SUPPLIED INFORMATION:
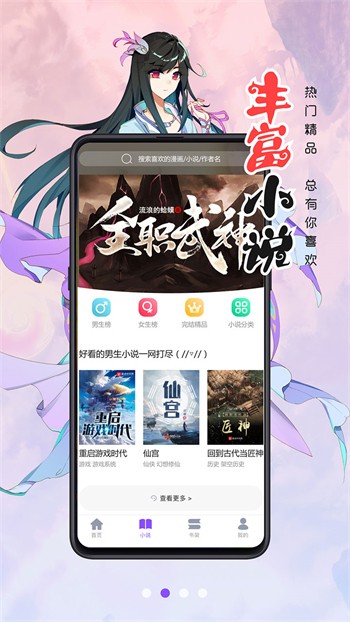 蛋哒羊影视app最新版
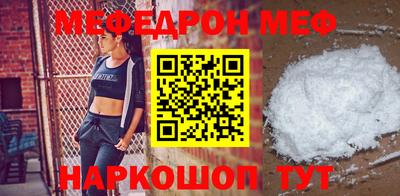 гашишное масло Комсомольск-на-Амуре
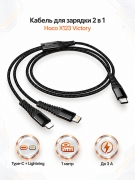 Кабель для зарядки 2 в 1 Hoco X123 Victory Type-C - Lightning/Type-C, 1 м, 3 А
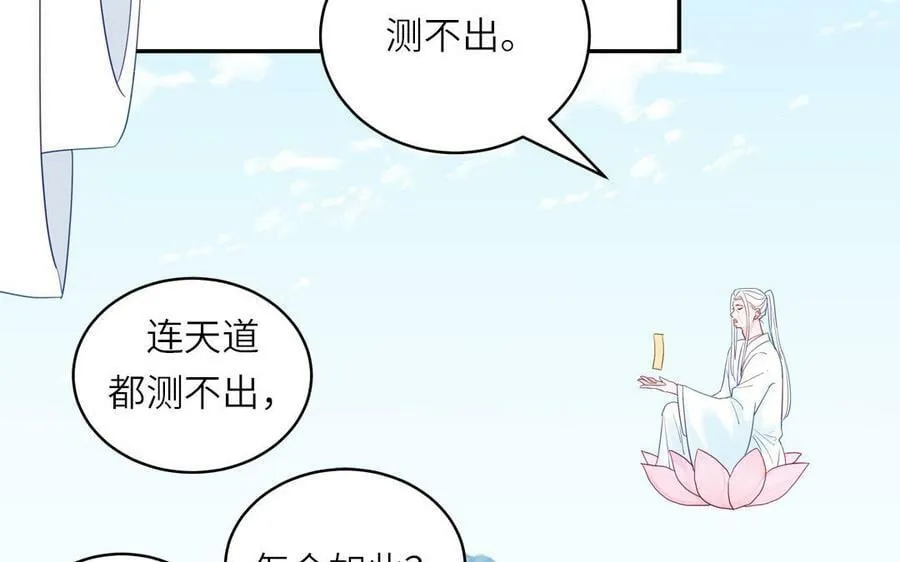 第58话 雪尽的身世（二） 第11页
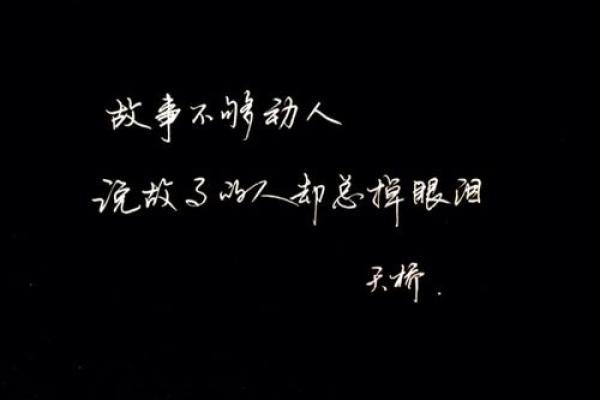 1965年:历史长河中的璀璨星辰与动人故事 1965年:历史长河中的璀璨星辰与动人故事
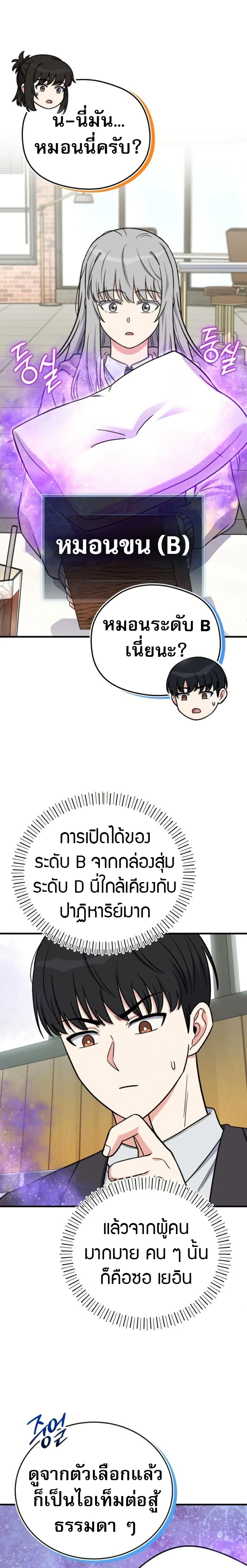 The Support Ate it All page 13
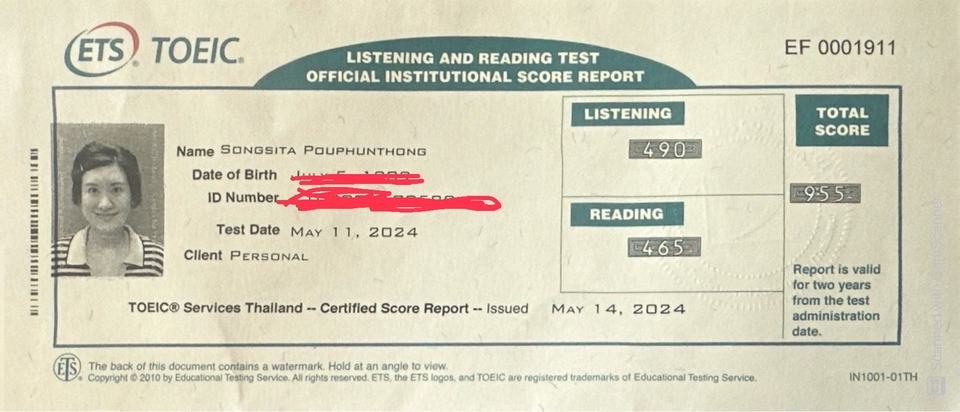 แปลภาษา - แปลเอกสาร คลิปวีดีโอ ไทย-อังกฤษ อังกฤษ-ไทย - 5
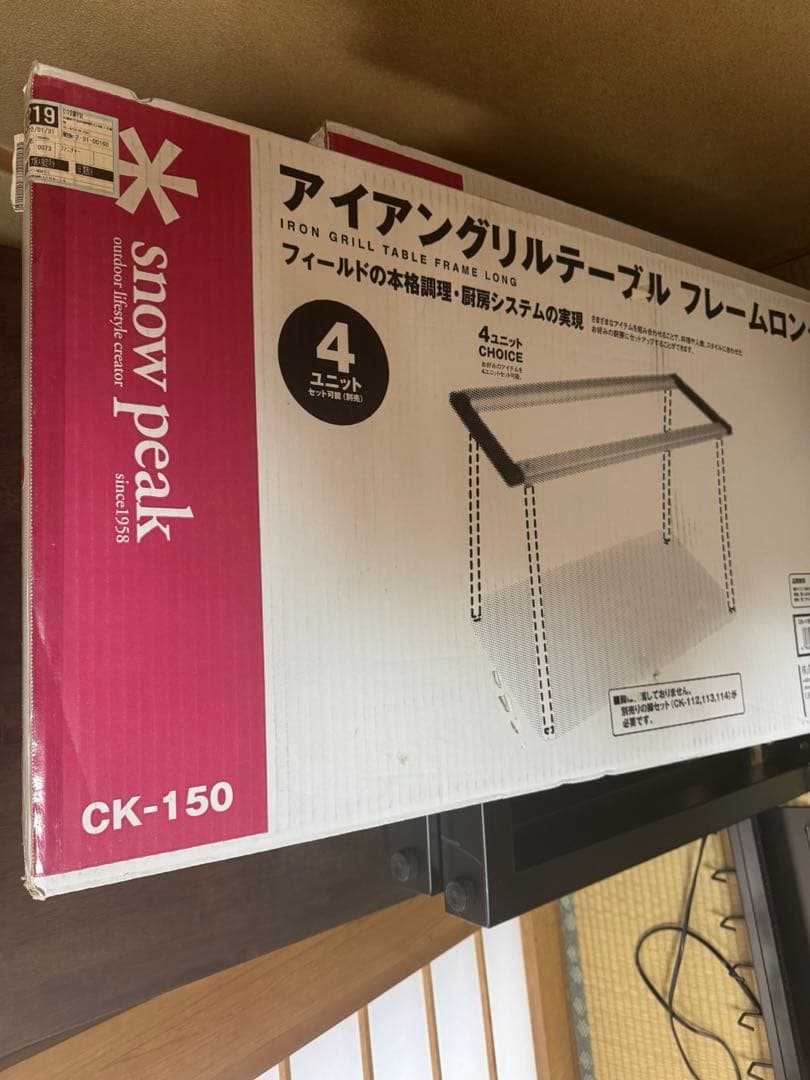  peak IGTアイアングリルテーブル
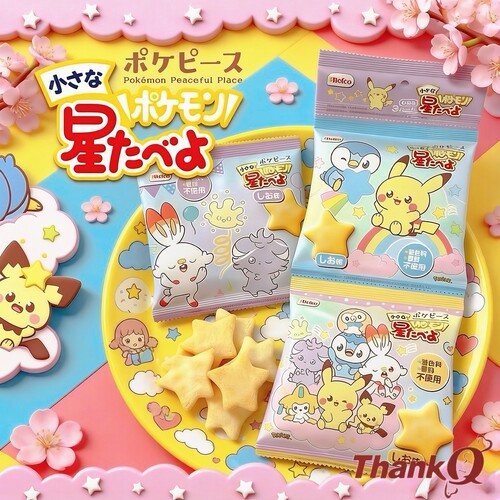 Befco宝可梦星星米饼3连包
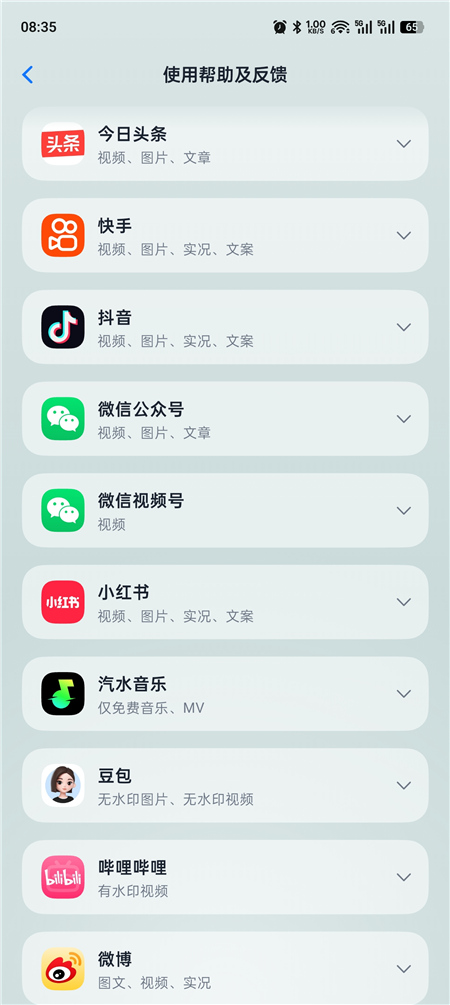 即存 v3.3.1 抖音 / 豆包 / 汽水等 10+ 平台视频、图片、音频、文案下载 即存 v3.3.1 抖音 / 豆包 / 汽水等 10+ 平台视频、图片、音频、文案下载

WHAT YOU ARE ASKED TO DO: Write every line of the data out again exactly, leaving out all images.

WRITTEN REPLY:
 蛋哒羊影视app最新版
 гашишное масло Комсомольск-на-Амуре
 Кабель для зарядки 2 в 1 Hoco X123 Victory Type-C - Lightning/Type-C, 1 м, 3 А
 第58话 雪尽的身世（二） 第11页
 1965年:历史长河中的璀璨星辰与动人故事 1965年:历史长河中的璀璨星辰与动人故事
 The Support Ate it All page 13
 แปลภาษา - แปลเอกสาร คลิปวีดีโอ ไทย-อังกฤษ อังกฤษ-ไทย - 5
  peak IGTアイアングリルテーブル
 Befco宝可梦星星米饼3连包
 即存 v3.3.1 抖音 / 豆包 / 汽水等 10+ 平台视频、图片、音频、文案下载 即存 v3.3.1 抖音 / 豆包 / 汽水等 10+ 平台视频、图片、音频、文案下载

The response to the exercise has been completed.